Dynamic resource overcommitment - Container Service for Kubernetes

ack-koordinator can dynamically overcommit resources. ack-koordinator monitors the loads of a node in real time and then schedules resources that are allocated to pods but are not in use. This topic describes how to use the dynamic resource overcommitment feature. This topic describes how to use the dynamic resource overcommitment feature.

Prerequisites

Only Container Service for Kubernetes (ACK) Pro clusters support the dynamic resource overcommitment feature. For more information, see Create an ACK Pro cluster.
ack-koordinator (FKA ack-slo-manager) is installed. For more information, see ack-koordinator.

Background information

In Kubernetes, the kubelet manages the resources that are used by the pods on a node based on the quality of service (QoS) classes of the pods. For example, the kubelet controls the out of memory (OOM) priorities. The QoS class of a pod can be Guaranteed, Burstable, or BestEffort. The QoS classes of pods depend on the requests and limits of CPU and memory resources that are configured for the pods.

To improve the stability of applications, application administrators reserve resources for Guaranteed or Burstable pods. The reserved resources are used to handle fluctuating workloads. In most cases, the resource request of a pod is much higher than the actual resource utilization. To improve the resource utilization in a cluster, application administrators may provision BestEffort pods. These pods can share the resources that are allocated to other pods but are not in use. This mechanism is known as resource overcommitment. Resource overcommitment has the following disadvantages:

BestEffort pods do not have resource requests or limits. As a result, even if a node is overloaded, the system can still schedule BestEffort pods to the node.
You cannot guarantee that resources are fairly scheduled among BestEffort pods due to the lack of requests and limits that specify the amount of resources used by a pod.

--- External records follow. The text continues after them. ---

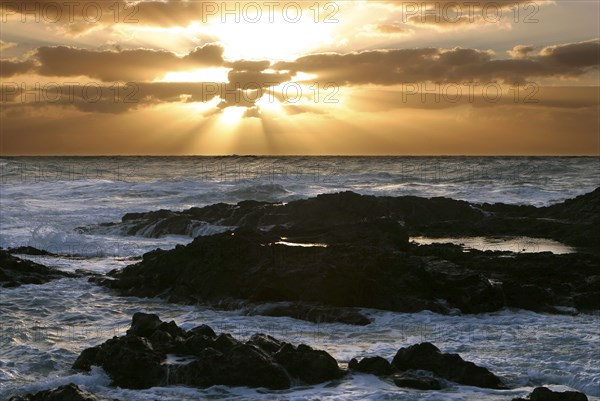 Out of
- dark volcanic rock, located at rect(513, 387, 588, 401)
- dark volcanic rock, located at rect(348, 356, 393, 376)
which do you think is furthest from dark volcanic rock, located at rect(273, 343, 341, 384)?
dark volcanic rock, located at rect(513, 387, 588, 401)

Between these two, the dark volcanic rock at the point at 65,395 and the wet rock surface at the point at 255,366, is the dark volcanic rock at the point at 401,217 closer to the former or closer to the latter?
the wet rock surface at the point at 255,366

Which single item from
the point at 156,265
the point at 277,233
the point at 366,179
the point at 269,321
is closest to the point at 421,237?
the point at 277,233

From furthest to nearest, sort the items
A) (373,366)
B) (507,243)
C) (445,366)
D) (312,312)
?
1. (507,243)
2. (312,312)
3. (373,366)
4. (445,366)

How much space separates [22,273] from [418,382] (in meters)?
12.3

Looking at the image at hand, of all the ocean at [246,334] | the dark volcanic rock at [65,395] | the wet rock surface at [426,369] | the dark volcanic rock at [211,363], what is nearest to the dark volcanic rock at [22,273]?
the ocean at [246,334]

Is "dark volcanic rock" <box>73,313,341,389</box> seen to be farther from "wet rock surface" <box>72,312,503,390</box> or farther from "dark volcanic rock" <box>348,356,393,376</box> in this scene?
"dark volcanic rock" <box>348,356,393,376</box>

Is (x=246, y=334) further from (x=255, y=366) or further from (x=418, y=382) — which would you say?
(x=418, y=382)

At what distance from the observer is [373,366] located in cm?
1098

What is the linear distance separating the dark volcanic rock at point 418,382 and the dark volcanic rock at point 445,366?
0.30 meters

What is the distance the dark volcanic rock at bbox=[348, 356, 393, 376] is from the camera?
10.9 m

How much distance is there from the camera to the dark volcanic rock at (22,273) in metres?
18.4

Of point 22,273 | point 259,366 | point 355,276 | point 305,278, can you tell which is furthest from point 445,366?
point 22,273

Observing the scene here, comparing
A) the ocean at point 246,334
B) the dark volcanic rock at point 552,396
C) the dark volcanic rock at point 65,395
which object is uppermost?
the dark volcanic rock at point 65,395

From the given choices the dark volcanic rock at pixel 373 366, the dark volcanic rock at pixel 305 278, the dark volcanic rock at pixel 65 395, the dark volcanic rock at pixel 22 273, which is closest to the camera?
the dark volcanic rock at pixel 65 395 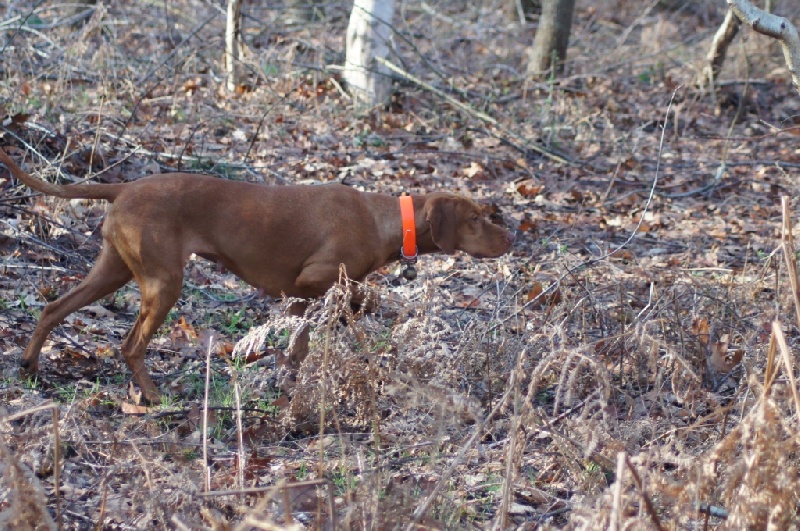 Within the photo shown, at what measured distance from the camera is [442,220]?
571 cm

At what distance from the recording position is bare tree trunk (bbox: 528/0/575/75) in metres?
12.2

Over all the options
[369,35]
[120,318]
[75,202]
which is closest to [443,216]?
[120,318]

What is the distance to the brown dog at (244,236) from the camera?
497 cm

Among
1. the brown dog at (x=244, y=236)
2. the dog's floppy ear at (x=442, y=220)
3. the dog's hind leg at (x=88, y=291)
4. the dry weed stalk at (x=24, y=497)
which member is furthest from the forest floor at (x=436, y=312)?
the dog's floppy ear at (x=442, y=220)

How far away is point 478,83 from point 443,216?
251 inches

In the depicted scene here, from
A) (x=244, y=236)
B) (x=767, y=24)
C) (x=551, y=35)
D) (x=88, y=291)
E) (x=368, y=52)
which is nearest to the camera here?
(x=767, y=24)

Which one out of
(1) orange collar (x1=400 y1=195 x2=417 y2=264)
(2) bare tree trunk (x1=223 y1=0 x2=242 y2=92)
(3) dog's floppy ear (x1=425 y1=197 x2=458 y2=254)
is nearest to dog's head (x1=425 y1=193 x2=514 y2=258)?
(3) dog's floppy ear (x1=425 y1=197 x2=458 y2=254)

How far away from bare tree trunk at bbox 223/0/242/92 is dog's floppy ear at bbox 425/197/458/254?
5.17 metres

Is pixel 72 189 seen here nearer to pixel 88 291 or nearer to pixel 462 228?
pixel 88 291

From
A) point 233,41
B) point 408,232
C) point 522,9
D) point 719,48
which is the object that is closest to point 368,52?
point 233,41

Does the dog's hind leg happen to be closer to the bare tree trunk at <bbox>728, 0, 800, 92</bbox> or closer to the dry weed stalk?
the dry weed stalk

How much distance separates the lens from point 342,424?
4.55m

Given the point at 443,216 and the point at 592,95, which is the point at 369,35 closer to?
the point at 592,95

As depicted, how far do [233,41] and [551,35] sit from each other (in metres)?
4.30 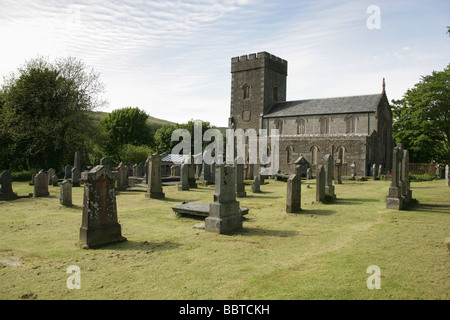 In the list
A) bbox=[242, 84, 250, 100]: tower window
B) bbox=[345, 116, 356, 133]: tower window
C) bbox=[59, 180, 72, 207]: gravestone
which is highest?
bbox=[242, 84, 250, 100]: tower window

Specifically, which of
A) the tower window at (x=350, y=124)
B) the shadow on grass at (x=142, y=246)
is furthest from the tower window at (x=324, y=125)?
the shadow on grass at (x=142, y=246)

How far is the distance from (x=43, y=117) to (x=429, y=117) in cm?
4071

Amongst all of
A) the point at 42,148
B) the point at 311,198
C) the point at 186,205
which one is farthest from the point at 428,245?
the point at 42,148

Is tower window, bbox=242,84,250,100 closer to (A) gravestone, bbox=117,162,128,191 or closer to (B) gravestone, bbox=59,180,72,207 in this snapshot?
(A) gravestone, bbox=117,162,128,191

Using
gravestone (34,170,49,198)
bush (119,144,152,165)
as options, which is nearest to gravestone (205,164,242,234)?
gravestone (34,170,49,198)

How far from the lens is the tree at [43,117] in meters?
27.4

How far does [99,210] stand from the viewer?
22.8 feet

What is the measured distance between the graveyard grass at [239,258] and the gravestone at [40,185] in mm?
5113

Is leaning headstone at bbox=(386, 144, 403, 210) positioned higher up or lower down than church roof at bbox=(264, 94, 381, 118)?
lower down

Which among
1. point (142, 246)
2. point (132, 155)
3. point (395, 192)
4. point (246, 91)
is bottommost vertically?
point (142, 246)

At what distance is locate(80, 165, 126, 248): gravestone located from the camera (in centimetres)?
677

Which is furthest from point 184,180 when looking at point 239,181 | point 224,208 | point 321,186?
point 224,208

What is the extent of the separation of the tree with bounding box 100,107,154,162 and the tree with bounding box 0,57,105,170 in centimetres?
1589

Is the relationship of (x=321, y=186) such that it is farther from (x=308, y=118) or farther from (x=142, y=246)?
(x=308, y=118) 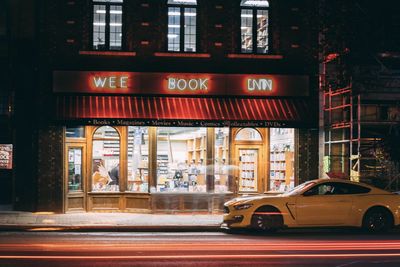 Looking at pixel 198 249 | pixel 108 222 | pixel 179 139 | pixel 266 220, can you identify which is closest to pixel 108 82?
pixel 179 139

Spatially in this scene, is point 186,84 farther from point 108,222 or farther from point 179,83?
point 108,222

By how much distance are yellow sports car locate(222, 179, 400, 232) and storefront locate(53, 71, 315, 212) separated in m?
5.13

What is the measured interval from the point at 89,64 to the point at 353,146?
29.8ft

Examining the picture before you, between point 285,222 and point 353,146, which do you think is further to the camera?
point 353,146

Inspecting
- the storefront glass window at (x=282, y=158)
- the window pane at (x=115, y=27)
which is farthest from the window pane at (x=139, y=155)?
the storefront glass window at (x=282, y=158)

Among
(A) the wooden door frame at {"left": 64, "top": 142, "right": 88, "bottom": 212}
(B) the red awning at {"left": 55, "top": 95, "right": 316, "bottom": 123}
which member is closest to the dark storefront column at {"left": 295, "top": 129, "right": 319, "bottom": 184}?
(B) the red awning at {"left": 55, "top": 95, "right": 316, "bottom": 123}

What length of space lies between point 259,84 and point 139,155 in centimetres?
455

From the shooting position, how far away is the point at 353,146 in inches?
888

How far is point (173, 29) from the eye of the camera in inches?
871

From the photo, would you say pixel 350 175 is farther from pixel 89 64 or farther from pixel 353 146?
pixel 89 64

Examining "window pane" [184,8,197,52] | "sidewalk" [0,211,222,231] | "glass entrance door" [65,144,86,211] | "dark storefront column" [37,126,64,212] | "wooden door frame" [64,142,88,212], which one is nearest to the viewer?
"sidewalk" [0,211,222,231]

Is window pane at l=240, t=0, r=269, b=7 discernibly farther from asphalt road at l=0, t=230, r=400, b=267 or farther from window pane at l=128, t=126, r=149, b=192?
asphalt road at l=0, t=230, r=400, b=267

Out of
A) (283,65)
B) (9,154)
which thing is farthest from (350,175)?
(9,154)

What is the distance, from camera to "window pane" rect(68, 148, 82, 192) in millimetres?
21703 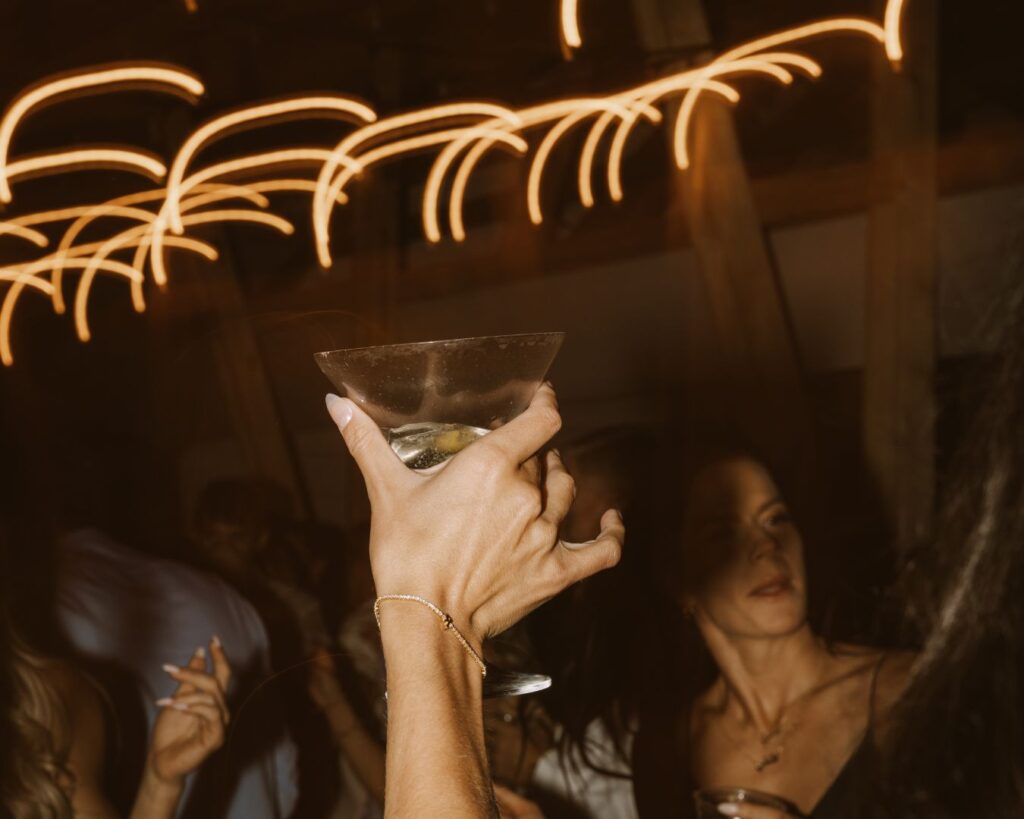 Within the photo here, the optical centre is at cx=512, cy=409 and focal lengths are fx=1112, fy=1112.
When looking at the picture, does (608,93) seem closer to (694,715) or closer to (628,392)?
(628,392)

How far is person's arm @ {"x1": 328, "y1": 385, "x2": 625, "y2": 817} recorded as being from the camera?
758 millimetres

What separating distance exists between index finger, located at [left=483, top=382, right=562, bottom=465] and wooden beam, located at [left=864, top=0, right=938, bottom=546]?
7.38 ft

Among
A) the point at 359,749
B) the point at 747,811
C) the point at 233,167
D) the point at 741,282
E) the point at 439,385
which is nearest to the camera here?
Result: the point at 439,385

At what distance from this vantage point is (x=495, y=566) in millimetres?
833

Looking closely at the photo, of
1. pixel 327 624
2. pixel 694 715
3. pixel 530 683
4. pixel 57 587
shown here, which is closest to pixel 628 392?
pixel 327 624

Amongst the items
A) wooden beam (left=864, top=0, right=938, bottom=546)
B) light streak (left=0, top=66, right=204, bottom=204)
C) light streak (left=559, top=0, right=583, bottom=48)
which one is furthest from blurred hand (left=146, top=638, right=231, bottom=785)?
wooden beam (left=864, top=0, right=938, bottom=546)

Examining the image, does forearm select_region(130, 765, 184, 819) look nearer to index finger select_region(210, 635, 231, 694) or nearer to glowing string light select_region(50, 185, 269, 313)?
index finger select_region(210, 635, 231, 694)

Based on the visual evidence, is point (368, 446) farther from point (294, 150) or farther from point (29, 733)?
point (294, 150)

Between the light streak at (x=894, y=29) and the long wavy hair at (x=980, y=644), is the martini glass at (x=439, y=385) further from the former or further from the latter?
the light streak at (x=894, y=29)

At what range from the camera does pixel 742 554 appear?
1.88m

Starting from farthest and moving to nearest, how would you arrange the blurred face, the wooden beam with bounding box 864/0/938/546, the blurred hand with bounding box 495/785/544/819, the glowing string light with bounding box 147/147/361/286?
the glowing string light with bounding box 147/147/361/286, the wooden beam with bounding box 864/0/938/546, the blurred face, the blurred hand with bounding box 495/785/544/819

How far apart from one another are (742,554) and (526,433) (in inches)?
44.2

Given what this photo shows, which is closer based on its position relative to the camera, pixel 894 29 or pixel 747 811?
pixel 747 811

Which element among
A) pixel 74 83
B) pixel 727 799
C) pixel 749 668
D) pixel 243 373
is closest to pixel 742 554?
pixel 749 668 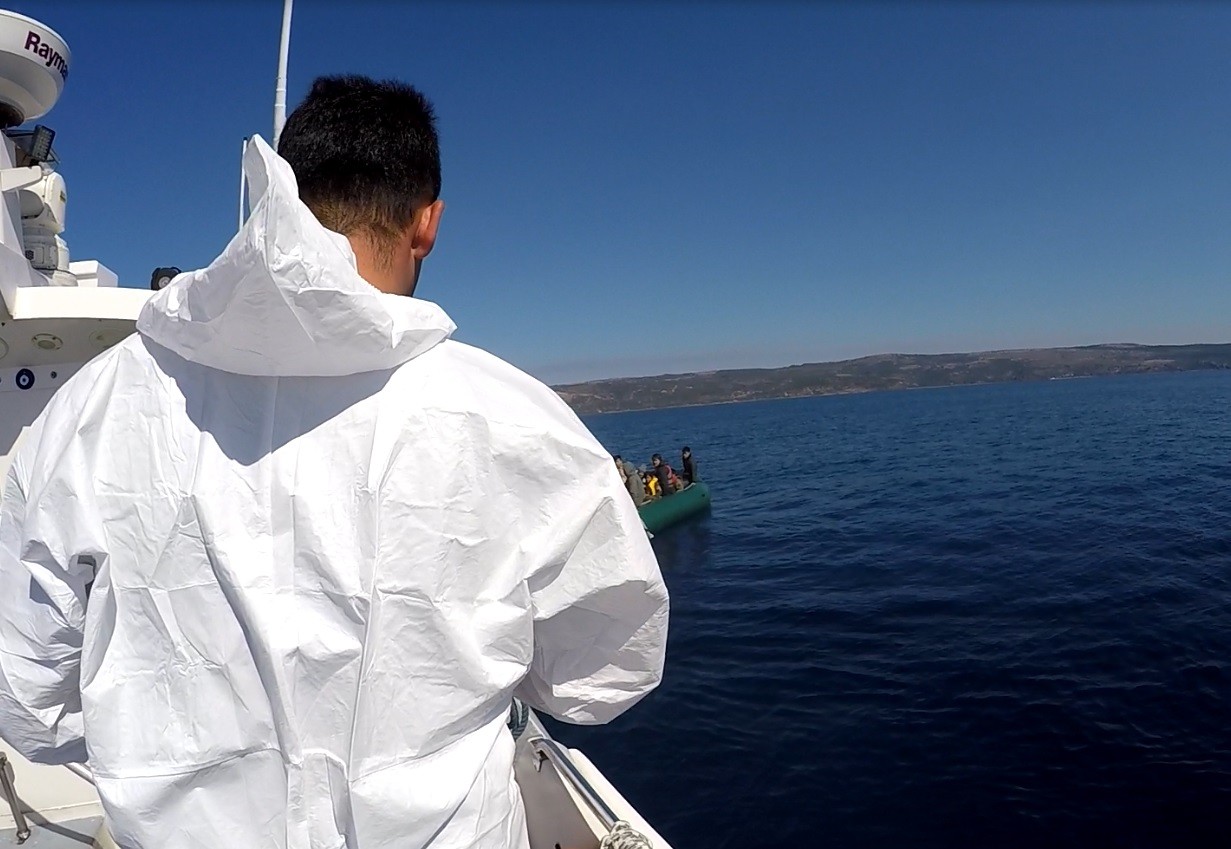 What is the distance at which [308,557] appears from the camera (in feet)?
3.26

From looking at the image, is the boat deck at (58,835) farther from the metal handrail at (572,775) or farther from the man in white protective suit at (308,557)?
the man in white protective suit at (308,557)

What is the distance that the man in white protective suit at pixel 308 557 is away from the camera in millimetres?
975

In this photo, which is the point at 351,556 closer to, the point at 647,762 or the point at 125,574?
the point at 125,574

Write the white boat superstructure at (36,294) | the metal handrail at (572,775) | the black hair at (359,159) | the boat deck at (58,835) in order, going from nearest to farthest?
the black hair at (359,159) → the metal handrail at (572,775) → the boat deck at (58,835) → the white boat superstructure at (36,294)

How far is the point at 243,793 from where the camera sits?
41.3 inches

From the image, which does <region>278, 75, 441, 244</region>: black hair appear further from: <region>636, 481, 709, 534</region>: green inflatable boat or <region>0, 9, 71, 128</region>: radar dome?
<region>636, 481, 709, 534</region>: green inflatable boat

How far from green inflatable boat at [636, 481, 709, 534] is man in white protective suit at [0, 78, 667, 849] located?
65.6 ft

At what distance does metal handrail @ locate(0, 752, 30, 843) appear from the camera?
9.43 feet

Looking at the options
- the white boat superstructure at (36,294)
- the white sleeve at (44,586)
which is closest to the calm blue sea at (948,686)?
the white boat superstructure at (36,294)

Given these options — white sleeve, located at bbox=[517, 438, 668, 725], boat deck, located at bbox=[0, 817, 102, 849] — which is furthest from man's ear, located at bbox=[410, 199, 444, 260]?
boat deck, located at bbox=[0, 817, 102, 849]

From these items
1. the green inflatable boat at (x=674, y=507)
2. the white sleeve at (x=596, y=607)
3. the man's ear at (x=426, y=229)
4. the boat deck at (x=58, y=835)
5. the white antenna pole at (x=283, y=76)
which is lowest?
the green inflatable boat at (x=674, y=507)

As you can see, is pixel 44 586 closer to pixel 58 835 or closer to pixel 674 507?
pixel 58 835

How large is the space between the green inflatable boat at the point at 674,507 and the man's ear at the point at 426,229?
19.9 m

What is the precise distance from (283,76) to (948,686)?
996 cm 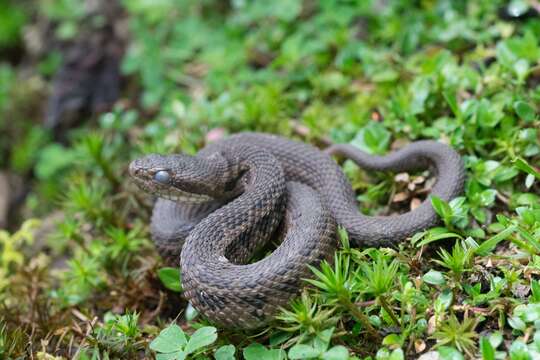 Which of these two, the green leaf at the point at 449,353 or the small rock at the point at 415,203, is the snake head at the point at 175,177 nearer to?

You can use the Service Level Objective (SLO) capability of ACK to control the resources that are used by BestEffort pods. In the preceding line graph, the SLO of ACK classifies the resources into three categories: Usage, Buffered, and Reclaimed. Usage refers to the actual resource usage and is represented by the red line. Buffered refers to reserved resources and is represented by the area between the blue line and red line. Reclaimed refers to reclaimed resources and is represented by the area in green.

Reclaimed resources are resources that can be dynamically overcommitted, as shown in the following figure. ack-koordinator monitors the loads of a node and synchronizes resource statistics to the node metadata as extended resources in real time. To allow BestEffort pods to use reclaimed resources, you can configure requests and limits of reclaimed resources for the BestEffort pods. In addition, you can configure settings that are related to reclaimed resources in the node configuration. This ensures that resources are fairly scheduled among BestEffort pods.

To differentiate reclaimed resources from regular resources, ack-koordinator assigns the Batch priority to reclaimed resources, including batch-cpu and batch-memory.

Limits


Component	Required version
Kubernetes	≥ 1.18
ack-koordinator	≥ 0.8.0
Helm	≥ 3.0

Procedure

Run the following command to query the total amount of Batch resources.

Make sure that the relevant parameters are configured before your query the total amount of reclaimed resources. For more information, see the description in Step 3.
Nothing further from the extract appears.